Esattamente il contrario, a ben vedere, di quelli che sono gli
obiettivi più volte espressi da Agcom di accelerare il superamento
del digital divide nell’intero Paese. Ed anche in contrasto con
gli obiettivi dell’Agenda Digitale europea che si propone di
portare almeno 2 megabit/s di banda larga in tutta Europa entro il
2013.

Appare difficile che la scadenza europea possa essere rispettata in
Italia senza l’apporto del broadband mobile. Tanto più
affidandosi soltanto all’Lte.
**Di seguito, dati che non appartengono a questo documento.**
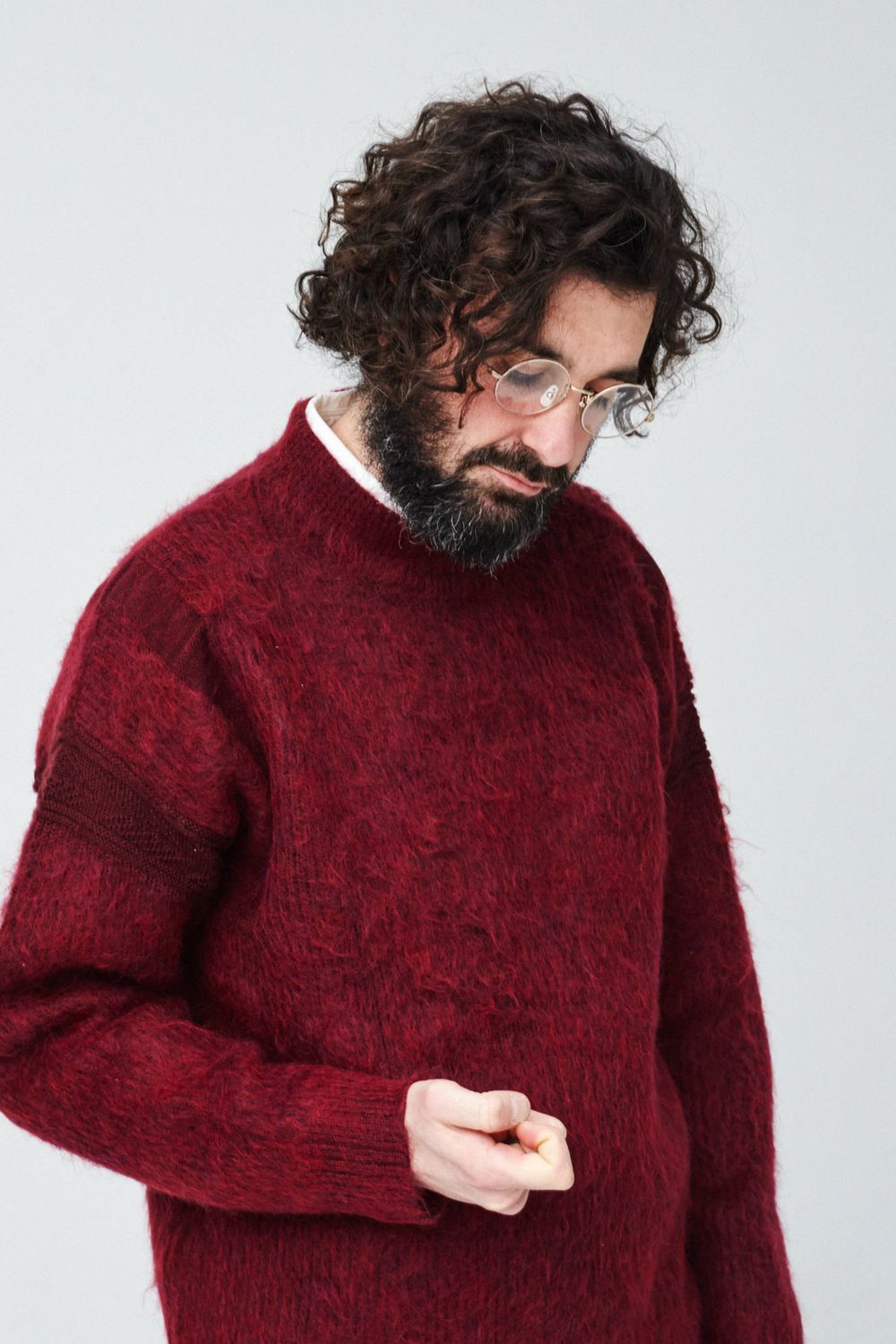 YASHIKI 2017Autumn/Winter Collection Style-12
L’asta per gli 800Mhz è sì
programmata per settembre, ma le frequenze non saranno rese
disponibili prima del gennaio 2013, sempre che vengano liberate
dalle tv che ora le occupano.

Ecco quindi che diventa di grande interesse la possibilità del
“rifarming” delle frequenze del Gsm per accelerare la
diffusione del broadband mobile nelle aree periferiche. Non a caso,
anche sulla base di tali considerazioni, lo scorso dicembre Agcom
ha concesso la possibilità del rifarming a Vodafone: dopo tale via
libera la società guidata da Paolo Bertoluzzo ha potuto lanciare
il piano dei “1.000 Comuni”: altrettante piccole collettività
locali periferiche dove in tre anni verrà portato Internet mobile
a 2 megabit/s. Proprio di recente, anche Tim ha fatto una analoga
richiesta ad Agcom. Il via libera dell’Authority è atteso per le
prossime settimane.

Agcom non nega la possibilità di sviluppare il broadband con i
900Mhz ma prevede che, sette anni dopo la messa a disposizione
delle nuove frequenze, gli operatori coprano l’intero territorio
anche con frequenze a 800Mhz. Un termine che viene giudicato dai
diretti interessati troppo perentorio e penalizzante per gli
investimenti a 900Mhz che, in particolare nelle zone di digital
divide, avrebbero invece bisogno di un arco temporale di
“protezione” più lungo per diventare interessanti. Altrimenti
vi è un rischio di un drastico rallentamento di tali
investimenti.
Agcom, a sua volta, vuole mettere dei precisi paletti per spingere
la costruzione delle nuove reti in tutte le aree del Paese evitando
penalizzazioni proprio delle aree più marginali. Dall’altra
parte si risponde che portare 2 megbit/s è comunque una iniziativa
anti-digital divide, pienamente rispondente agli obiettivi
dell’Ue, indipendentemente dalla tecnologia utilizzata. Quanto
all’efficienze dell’uso delle nuove frequenze assegnate, si
osserva che fra gli obblighi previsti da Agcom vi sono altri
meccanismi che la assicurano, come ad esempio l’obbligo per
l’aggiudicatario di rispondere a ragionevoli richieste di accesso
di terzi.

Insomma, l’obbligo di ricopertura a 800 Mhz non ha ragioni di
esistere: è ridondante rispetto alle norme previste per l’Lte e
nel contempo rallenta lo sviluppo della banda larga mobile. Un
altro caso in cui il meglio è nemico del bene? Sarebbe un bel
paradosso.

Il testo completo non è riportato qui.